P. — Le Vatican, derrière ses hauts murs, est par essence un lieu de secrets, de mystères. Vous avez pénétré les milieux du Vatican et il semblerait qu’ils vous aient ouvert grand les portes de leurs archives. Cette confiance ne vous a pas pesé ? Vous êtes-vous senti libre de faire évoluer votre protagoniste comme bon vous semblait et de révéler cette très discrète mission de l’Église ?

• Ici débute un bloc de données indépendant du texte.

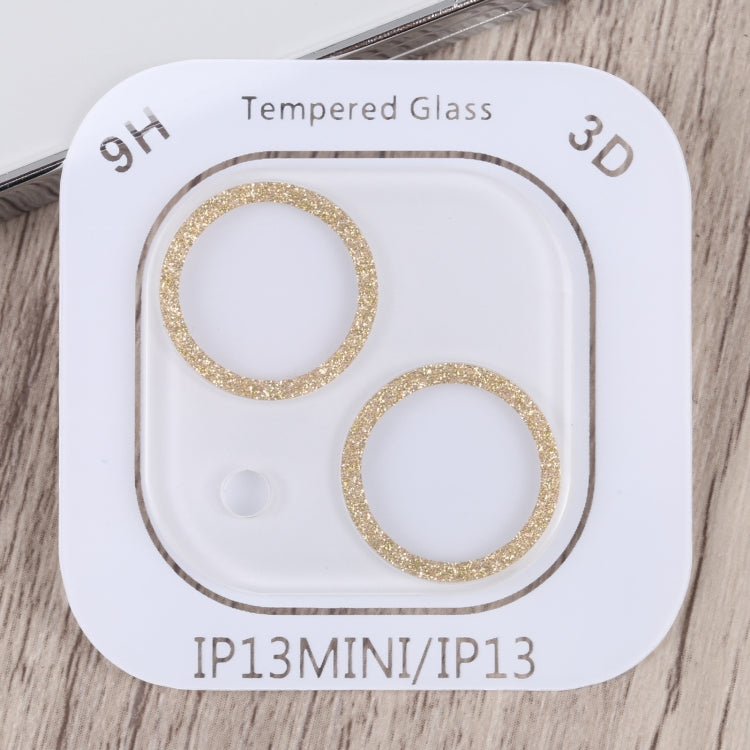 Frendorf | Für iPhone 13 Glitter Ring Gehärtetes Glas Kamera Linse Film (Gold)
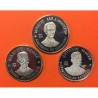 3 monedas x 20 PESOS 1977 AGRAMONTE + MACEO + MAXIMO KM.187+188+189 PLATA PROOF @NO ESTUCHE@ Caribe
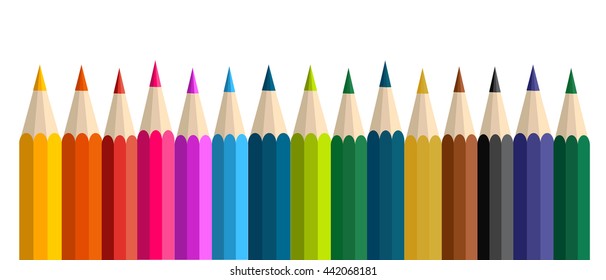 Colorful pencils vector illustrations
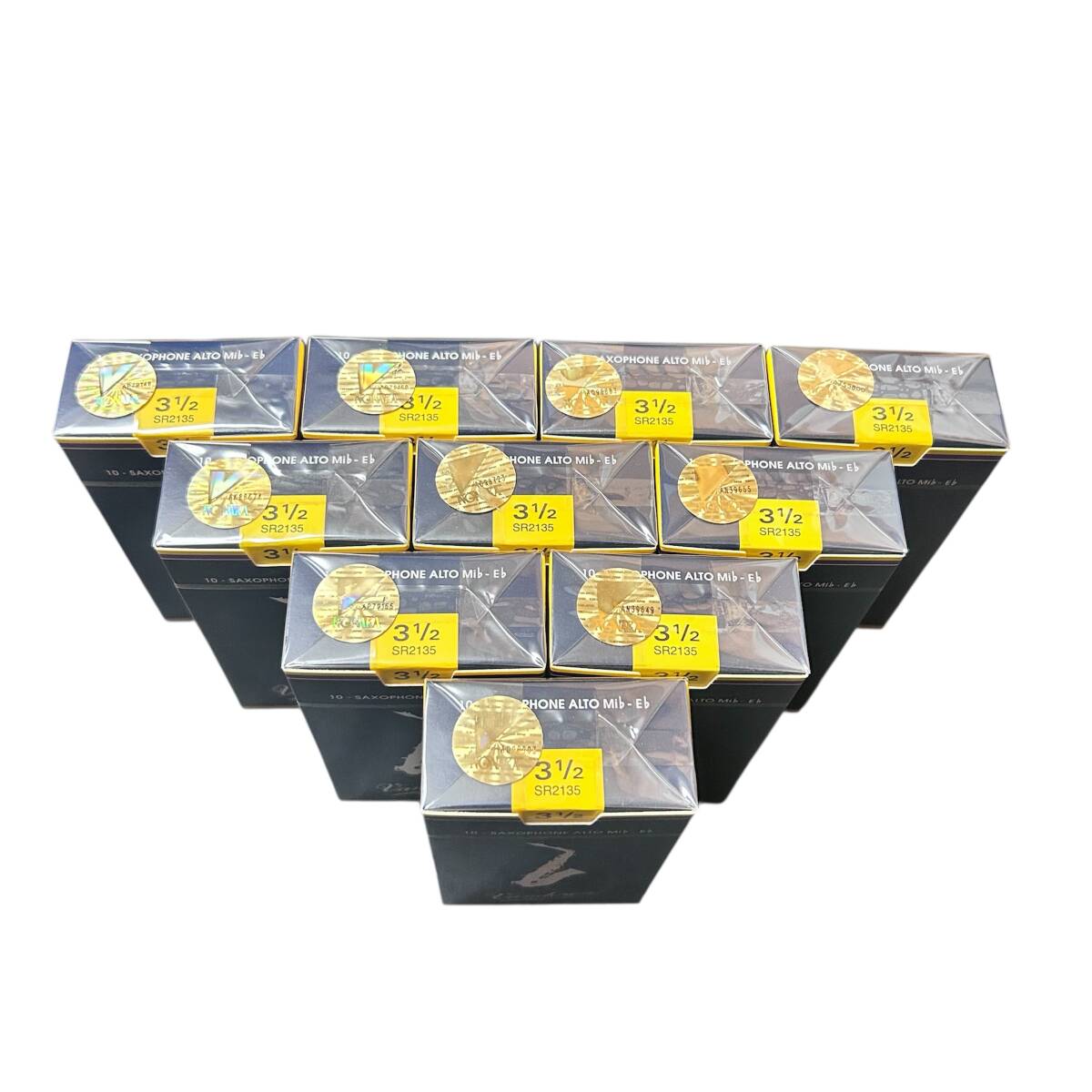 【新品・未開封】アルトサックスリード Vandoren バンドーレン トラディショナル 青箱 #3_1/2 ＜10個セット＞_画像2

D. C. — Cela a été une limite, je l’avoue. Mais aussi un défi, parce que je n’avais rien à inventer : l’histoire était là, à portée de main, et il me suffisait de la saisir. C’est infiniment fascinant de se plonger dans ce monde de secrets vieux de plusieurs siècles, et je reconnais bien volontiers l’immense privilège qui m’a été accordé. Néanmoins, malgré le poids de l’Histoire, chaque découverte faite dans les archives ou au cours de mes recherches, me ramenait à des aspects incroyablement modernes et actuels de notre société et de son rapport au Mal ! Fondamentalement, le Mal ne change pas.

P. — Il y a très peu de moments de répit dans la trame du roman (y en a-t-il d’ailleurs ?). Comment parvient-on à cette cadence infernale, où les rebondissements et les surprises se succèdent ? Comment trouve-t-on son chemin à l’intérieur de cet incroyable labyrinthe créé par vos soins ?

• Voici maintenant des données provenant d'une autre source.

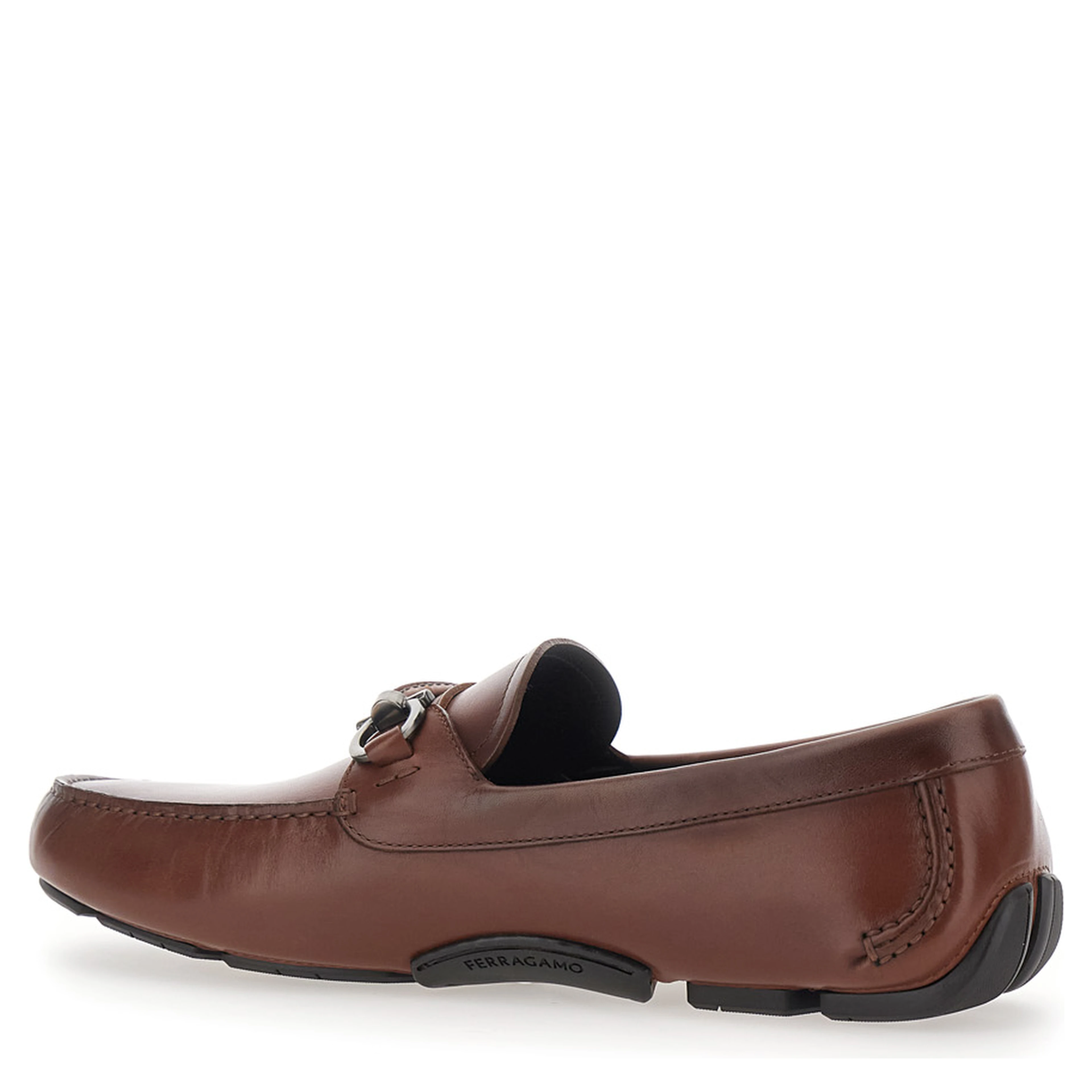 Sunsay Brown Loafers with Gancini Plaque on the Front in Leather for Men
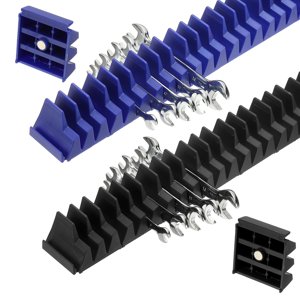 46pcs Organisateur de clé magnétique pour boîte à outils, porte-outils de clé modulaire magnétique 46 Outils Tiroir Cliquet de poitrine clés offset, Bleu Noir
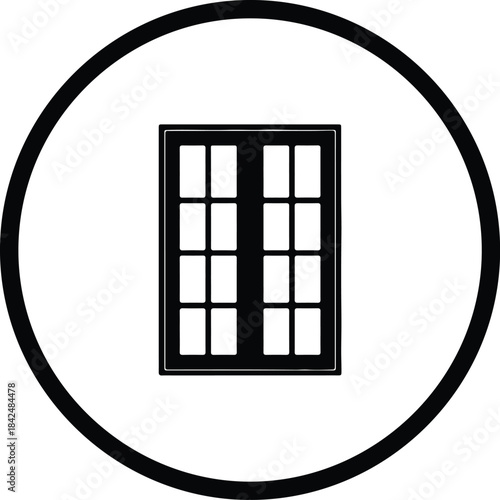 Vector Simple black residential multi-pane window frame icon inside a circle silhouette Illustration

D. C. — Ma formation de juriste spécialisé en criminologie et en sciences du comportement, associée à une bonne dizaine d’années de travail en tant que scénariste, me garantissaient de bonnes bases ! Et j’expérimente toujours personnellement ce que j’écris. Ce sont mes peurs et mes pires cauchemars que vous retrouvez dans mes pages. Si je n’éprouve pas chacune des émotions que je couche sur le papier, comment puis-je espérer que les lecteurs me suivent dans ce voyage au cœur des ténèbres et de l’inconnu ? En outre, de manière très concrète, je passe énormément de temps à faire des recherches. Pour ce livre, j’ai passé deux années dans les archives vaticanes. Le parcours initiatique de Marcus pour parachever sa formation de pénitencier est bien réel.

P. — La ville de Rome occupe dans votre roman une place essentielle. On est loin de l’image solaire habituelle de la capitale italienne ! Vous nous offrez une promenade inquiétante et très érudite. Parlez-nous de cette ville qui vous sert de scène de crimes.
D. C. — J’ai voulu que Rome soit la protagoniste du roman, au même titre que Marcus et Sandra. Je lui ai donné une âme, une voix. Il fallait que même les lecteurs qui ne connaissent pas la ville éternelle se sentent chez eux en lisant… Un chez eux plein de mystères. Rome est une ville née dans le sang : Rémus n’a-t-il pas tué son frère ? Nombreux sont les assassinats qui ont jalonné sa longue histoire, de l’Antiquité à aujourd’hui. Inutile de préciser que le Vatican et la papauté n’ont jamais été en reste sur ce plan. Pour vous donner un exemple, le père Jonathan m’a expliqué que le nom de son principal monument viendrait de colis, « adore », et eum, « le », autrement dit : adore-le. Où « le » serait le diable. Le Colisée, symbole de Rome, est le lieu où des milliers de personnes venaient assister à des spectacles sanguinaires. Le Mal n’est pas une idée abstraite… et il peut aussi être « divertissement ».

P. — Les contes et les éléments fabuleux sont très présents dans vos romans. Pouvez-vous nous parler de votre rapport aux contes de l’enfance ?
D. C. — J’ai grandi dans les Pouilles et j’étais un enfant dissipé ! Ma mère, pour me calmer, inventait pour moi des contes et des petites pièces de théâtre dont j’étais parfois le protagoniste. Ces histoires étaient inoffensives et pleines d’innocence… en apparence. Bien sûr, elles recelaient une part de noirceur. Elles étaient censées me mettre en garde contre les dangers du monde. Je crois que j’ai intégré cette manière de raconter les choses. Au fond, mes romans sont des contes obscurs qui parlent à l’enfant qu’abrite chaque lecteur.